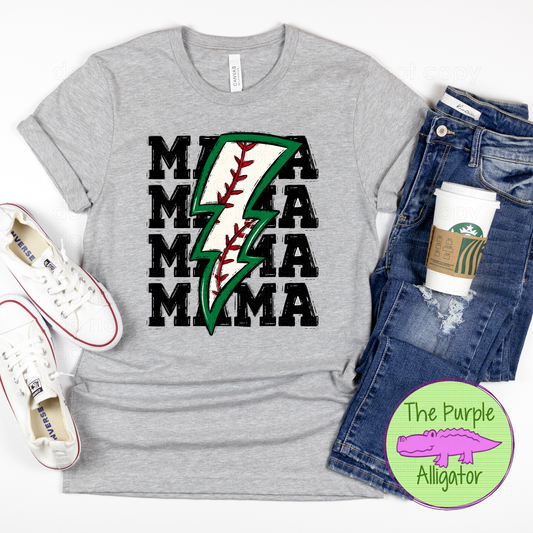 Baseball Mama Green Lightning Bolt (d2f EPC)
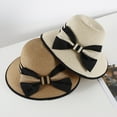 thumbnail image 6 of CYSFASHION Fedora Hats for Women Retro Classic Soft Panama Short Brim Elegant Bucket Hat Beige, 6 of 9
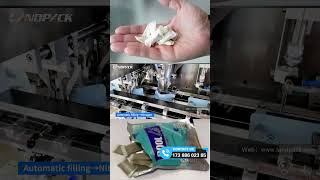 How to packing snus into doypack premade pouch [upl. by Shelba]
────
| Problem requirements |
Write out the listing above again, exactly, but with no pictures in the copy.

| Result for this task |
 Baseball Mama Green Lightning Bolt (d2f EPC)
 thumbnail image 6 of CYSFASHION Fedora Hats for Women Retro Classic Soft Panama Short Brim Elegant Bucket Hat Beige, 6 of 9
 How to packing snus into doypack premade pouch [upl. by Shelba]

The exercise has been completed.